## Problem description:
Run through the records and, wherever a line holds the word "generated", return that line.

## Task material:
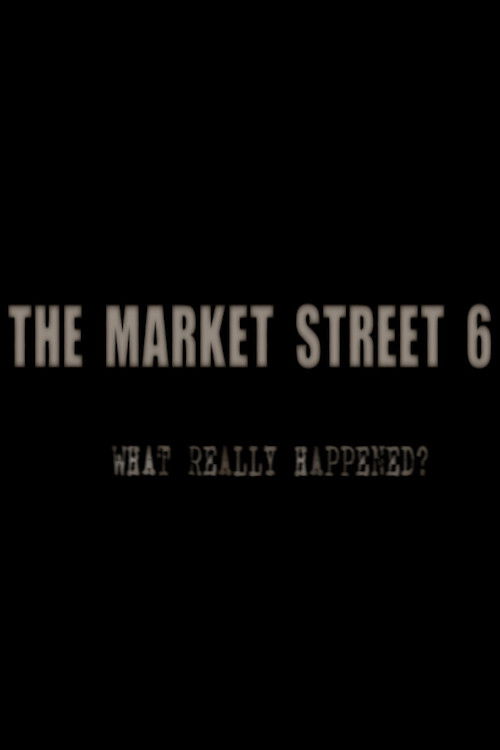 The Market Street 6 (2011) poster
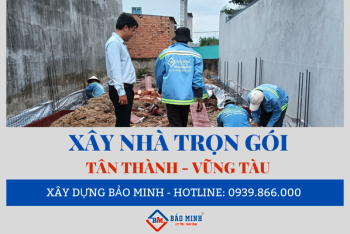 Báo Giá Xây Nhà Trọn Gói Tân Thành Vũng Tàu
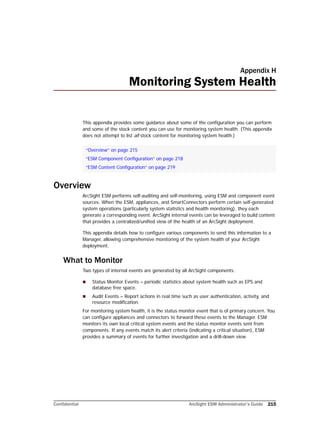 Confidential ArcSight ESM Administrator’s Guide 215
Appendix H
Monitoring System Health
This appendix provides some guidance about some of the configuration you can perform
and some of the stock content you can use for monitoring system health. (This appendix
does not attempt to list all stock content for monitoring system health.)
Overview
ArcSight ESM performs self-auditing and self-monitoring, using ESM and component event
sources. When the ESM, appliances, and SmartConnectors perform certain self-generated
system operations (particularly system statistics and health monitoring), they each
generate a corresponding event. ArcSight internal events can be leveraged to build content
that provides a centralized/unified view of the health of an ArcSight deployment.
This appendix details how to configure various components to send this information to a
Manager, allowing comprehensive monitoring of the system health of your ArcSight
deployment.
What to Monitor
Two types of internal events are generated by all ArcSight components:
 Status Monitor Events – periodic statistics about system health such as EPS and
database free space.
 Audit Events – Report actions in real time such as user authentication, activity, and
resource modification.
For monitoring system health, it is the status monitor event that is of primary concern. You
can configure appliances and connectors to forward these events to the Manager. ESM
monitors its own local critical system events and the status monitor events sent from
components. If any events match its alert criteria (indicating a critical situation), ESM
provides a summary of events for further investigation and a drill-down view.
“Overview” on page 215
“ESM Component Configuration” on page 218
“ESM Content Configuration” on page 219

## Answer to this problem:
sources. When the ESM, appliances, and SmartConnectors perform certain self-generated
Two types of internal events are generated by all ArcSight components:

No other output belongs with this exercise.